É assim que entendo uma educação inclusiva, não discriminante e acessível a todos independentemente de cor ou raça. Deve ser uma escola que o aluno tenha prazer e se sinta bem em freqüente-la, com professores capazes de explicar a origem de todas as informações, unindo-as sempre à realidade social da comunidade.

Afirmo isso porque como professor que fui do antigo curso primário, passando pelos antigos ensinos primário, secundário, ginasial e superior, sempre busquei unir as partes em um todo, fazendo o aluno compreender o porquê  das teorias e pouca atenção dava ao quê dessas teorias, textualizando o todo e não só as partes, explicando a origem dos fatos e os esclarecia porque aquele tipo de pensamento tinha se manifestado nas diversas fases da história. Depois, entrava no assunto propriamente dito.

Mas para isso, fazia pesquisas, lia livros e ao entrar em sala de aula, tinha uma exata compreensão do que falaria, sobre como abordaria o tema e em que nível de entendimentos os alunos se encontravam. Fazia uma pesquisa diagnóstica e tabulava dados de meus alunos quando não os conhecia. Assim, tinha a perfeita compreensão e entendimento de suas dificuldades e tentava – ninguém é perfeito e eu não seria exceção – fazer com que eles interagissem no todo.

Sempre gostava de tocar em assuntos que outros professores haviam lhe falado em algum momento – “lembram daquele assunto tal, pois vai daí que surgiu essa teoria” – e assim cativava os alunos, me fazia compreender e o índice de reprovação em minhas turmas era o mínimo, mas também acontecia. Dessa maneira, o aluno não era ensinado em uma coisa em particular, mas em seu conjunto,  no todo,sempre buscando enfocar a realidade social em que viviam, muito parecido com a “Educação Libertadora” de Paulo Freire, transportando o concreto à prática, acrescentando a origem dos fatos e o porquê dos fatos terem se dado daquela e não dessa maneira.

Ou seja, discutia os problemas da sociedade e os interpretava para uma melhor compreensão dos alunos. Sempre relacionava um fato histórico com outro fato histórico e assim os alunos se interessavam mais pelas aulas, porque ela não seria monótona.

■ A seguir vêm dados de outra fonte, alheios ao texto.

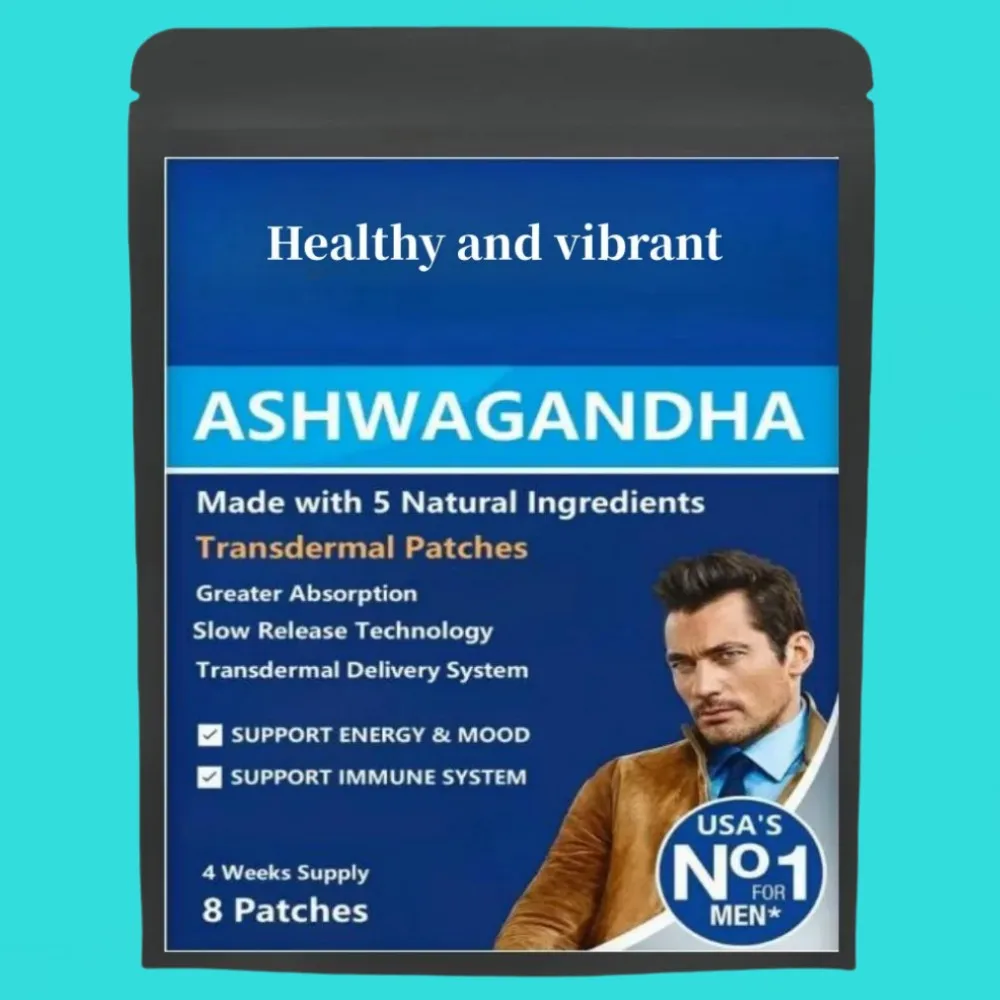 

Ashwagandha Transdermal Patches. Combined With Turmeric, Ginger, Black Pepper And Rhodiola. Mood And Strength Support Supplement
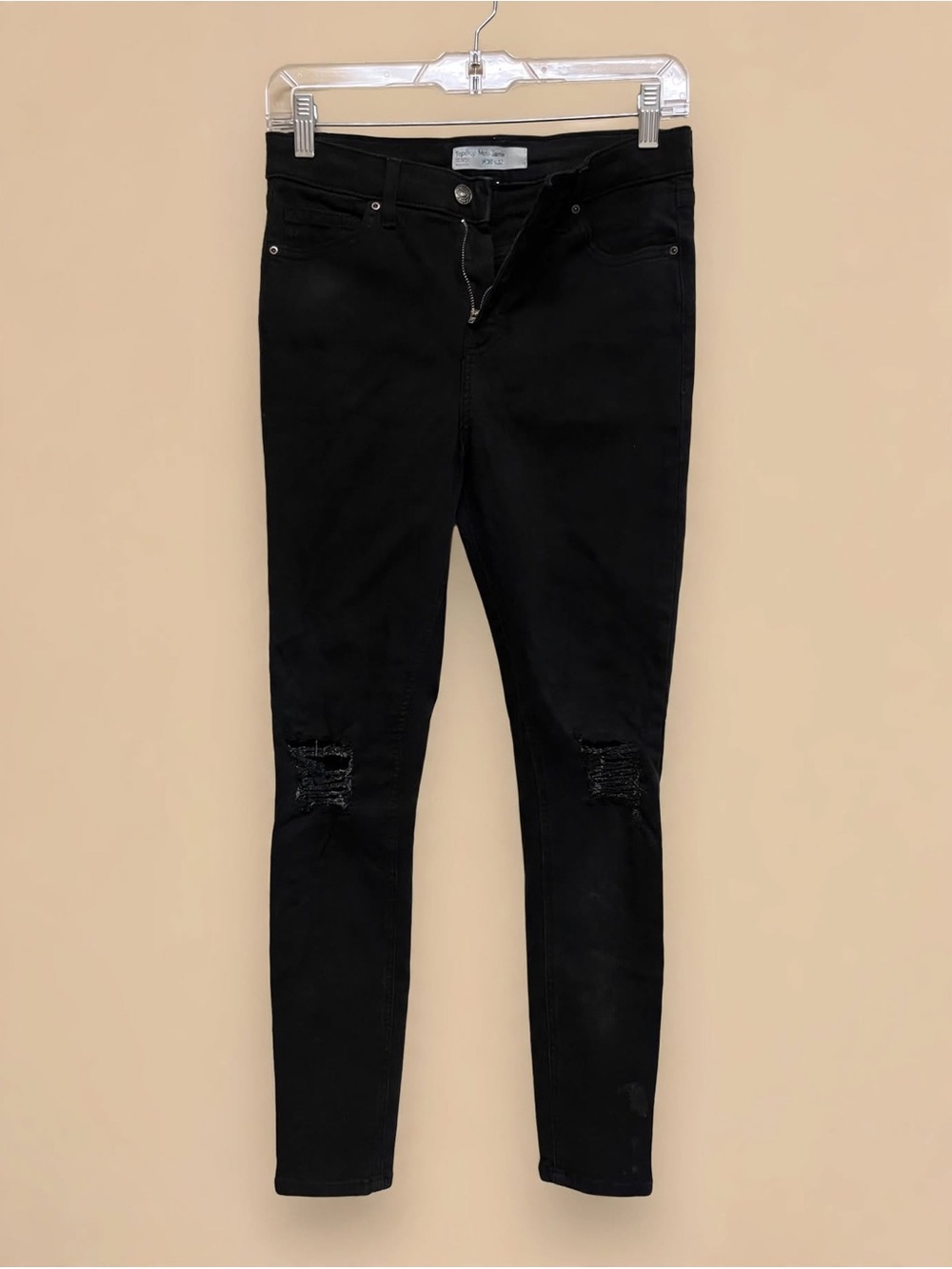 Topshop Black Skinny Jeans with Distressed Knees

Assim entendo a didática inclusiva, extensa, completa, mas o que vejo hoje é professores apenas reivindicando salários – o que é justo, mas não se preocupando em melhorar suas próprias qualidades para desenvolver em seus alunos a qualidade crítica e interpretativa de uma realidade. Bom salário é ótimo e motiva ao professor em sala de aula, mas isso não é tudo e nem o mais importante.

Pratiquei esse tipo de método até ser aposentado por invalidez e nunca me arrependi de fazê-lo em todas as turmas em que ministrei meus conhecimentos ou como palestrante que, infelizmente, não tenho mais capacidade para fazê-lo porque depois de 11 cirurgias a que sofri no cérebro, passei a esquecer muitas palavras e, às vezes, me torno excessivamente repetitivo e cansativo também. Mas continuarei defendendo uma educação comprometida e compromissada com a transformação social.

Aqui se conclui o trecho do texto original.